> [Data extract]
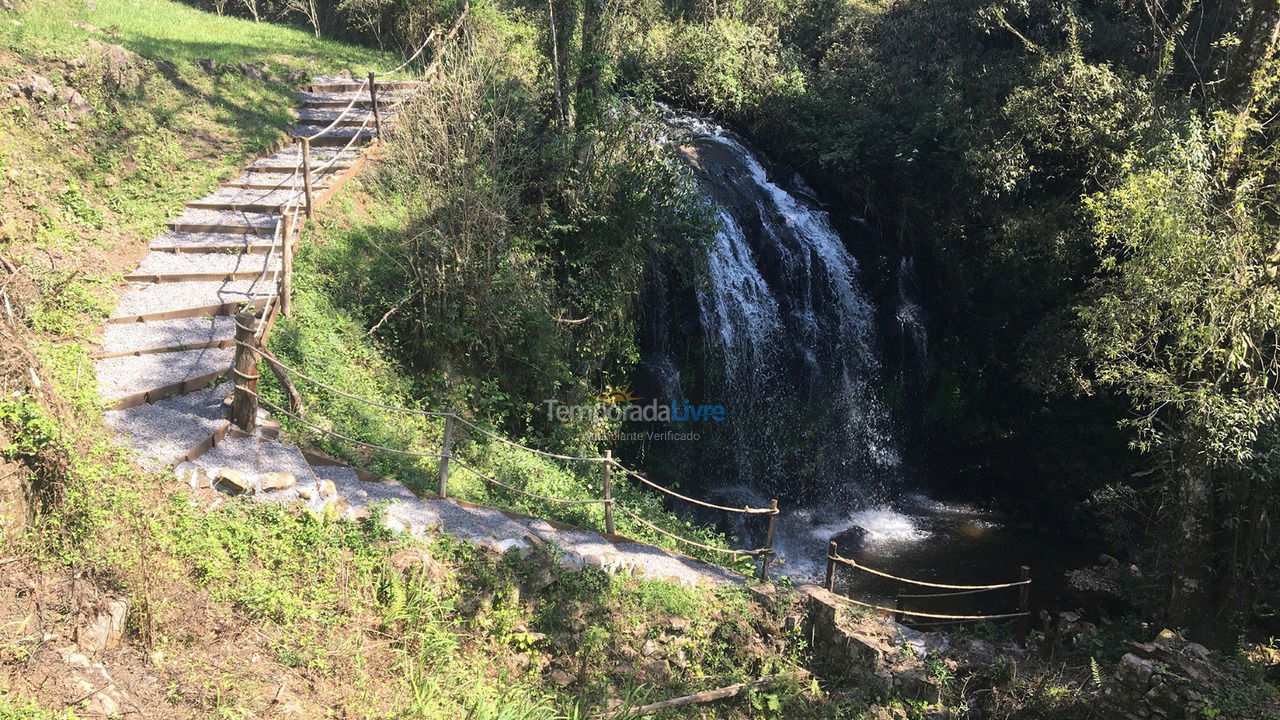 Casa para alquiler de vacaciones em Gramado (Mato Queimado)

==

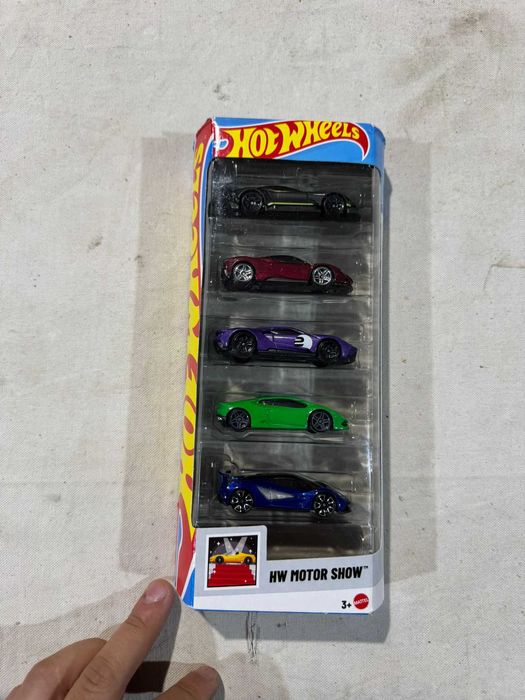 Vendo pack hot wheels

==

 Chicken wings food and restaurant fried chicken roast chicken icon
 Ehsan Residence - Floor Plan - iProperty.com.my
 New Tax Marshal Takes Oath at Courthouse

> [Work instruction] From the entries above, print the lines beginning at the one with "Ehsan Residence - Floor" and stopping after the one with "New Tax Marshal Takes Oath at Courthouse", exactly as written and with nothing else.

> [Task result]
 Ehsan Residence - Floor Plan - iProperty.com.my
 New Tax Marshal Takes Oath at Courthouse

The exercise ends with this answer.